The walls of the Great Enclosure, the structure at the heart of the settlement, measure dozens of feet in height and encircle an area some 820 feet in circumference. A second set of walls on the interior of the enclosure traces the outside wall, creating a channel that directs visitors toward a massive tower some thirty feet high. In addition to the Great Enclosure, the older Hill Complex includes ruins of mud houses with stone foundations and an enclosing wall; a further valley settlement, with remains of mud houses measuring as much as thirty-two feet in diameter, radiates away from the Great Enclosure and Hill Complex. All told, it is an impressive site.
- What do you believe the Great Enclosure’s purpose was?
- What evidence leads you to this conclusion?
- What additional evidence might be useful in helping you interpret the site?
Watch the video clip about Great Zimbabwe titled “The City of Great Zimbabwe: Africa’s Great Civilizations,” and consider what the archaeological remains of Great Zimbabwe suggest about Zimbabwean culture and the organization of its society.
Great Zimbabwe flourished between the thirteenth and sixteenth centuries. Like many other aspects of the civilization, the exact makeup and nature of its government and society are unclear. Scholars have argued that it was male dominated, and that male heads of family competed for power and influence based on the size of their cattle herds. Herd size also correlated to the number of wives and thus the amount of labor at a man’s disposal. Women in this society were expected to tend and harvest crops, prepare food, and get water. Single men hunted, herded animals, and made clothing. Males without property often became dependent on the wealthier men in the society.

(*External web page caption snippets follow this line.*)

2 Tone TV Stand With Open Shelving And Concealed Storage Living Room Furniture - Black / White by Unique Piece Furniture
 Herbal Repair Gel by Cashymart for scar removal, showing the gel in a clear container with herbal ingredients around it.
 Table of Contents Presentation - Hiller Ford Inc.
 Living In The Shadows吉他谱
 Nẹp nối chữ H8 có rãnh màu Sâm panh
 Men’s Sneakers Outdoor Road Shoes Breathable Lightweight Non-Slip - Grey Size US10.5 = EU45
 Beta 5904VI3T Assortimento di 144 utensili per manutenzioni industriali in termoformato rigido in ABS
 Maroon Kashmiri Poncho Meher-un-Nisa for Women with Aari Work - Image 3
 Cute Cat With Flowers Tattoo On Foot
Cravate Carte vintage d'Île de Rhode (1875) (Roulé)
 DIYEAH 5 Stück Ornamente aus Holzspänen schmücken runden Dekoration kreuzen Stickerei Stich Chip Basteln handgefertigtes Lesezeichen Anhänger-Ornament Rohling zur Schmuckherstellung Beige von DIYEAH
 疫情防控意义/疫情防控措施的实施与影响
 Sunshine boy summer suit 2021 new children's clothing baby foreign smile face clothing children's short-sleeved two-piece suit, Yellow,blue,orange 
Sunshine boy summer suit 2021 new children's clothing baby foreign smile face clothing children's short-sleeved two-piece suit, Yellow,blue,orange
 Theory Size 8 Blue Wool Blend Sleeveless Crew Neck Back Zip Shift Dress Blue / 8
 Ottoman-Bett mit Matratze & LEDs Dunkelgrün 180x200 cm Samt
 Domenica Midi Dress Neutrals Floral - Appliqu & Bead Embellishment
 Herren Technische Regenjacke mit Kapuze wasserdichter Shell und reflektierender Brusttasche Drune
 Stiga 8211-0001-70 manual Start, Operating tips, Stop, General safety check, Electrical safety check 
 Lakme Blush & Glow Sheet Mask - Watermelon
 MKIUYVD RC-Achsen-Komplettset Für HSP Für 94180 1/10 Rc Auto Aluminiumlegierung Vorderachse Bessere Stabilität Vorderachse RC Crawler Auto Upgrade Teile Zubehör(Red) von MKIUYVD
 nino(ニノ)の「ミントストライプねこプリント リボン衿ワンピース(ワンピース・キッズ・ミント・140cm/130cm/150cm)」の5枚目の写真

Politically, Zimbabwean society was led by a chief or a king who was also likely the wealthiest member, although Shona tradition held that the position was hereditary, so being chief may not have indicated great wealth. That the chief had no army suggests that he had to govern by reaching consensus with the community’s leading male figures and whatever subordinated chiefs may have existed. All this is speculative, but the existence of grandiose stone monuments is indicative of some sort of political authority—at least the kind that could organize and control resources and labor.
Medieval African society developed along similar lines in both West Africa and southern Africa. Beginning in the sixth century, regions with small groups of livestock-herders and keepers became home to growing and increasingly complex political entities. Agricultural and metallurgical innovations supported societies around the Niger River in West Africa and the Limpopo River in South Africa. The growth of these settlements was linked to the expansion and exploitation of trade, beginning with localized segments of trade routes connecting trading centers and culminating in control over vast territory. Although some of these kingdoms were short-lived (Mapungubwe, for example, lasted only about eighty years), they were vitally important to the development of medieval Africa, connecting it to peoples, places, and cultures thousands of miles away. In the end, these kingdoms linked local and regional African economies to a network of trade and commerce that touched Europe, Asia, and Arabia.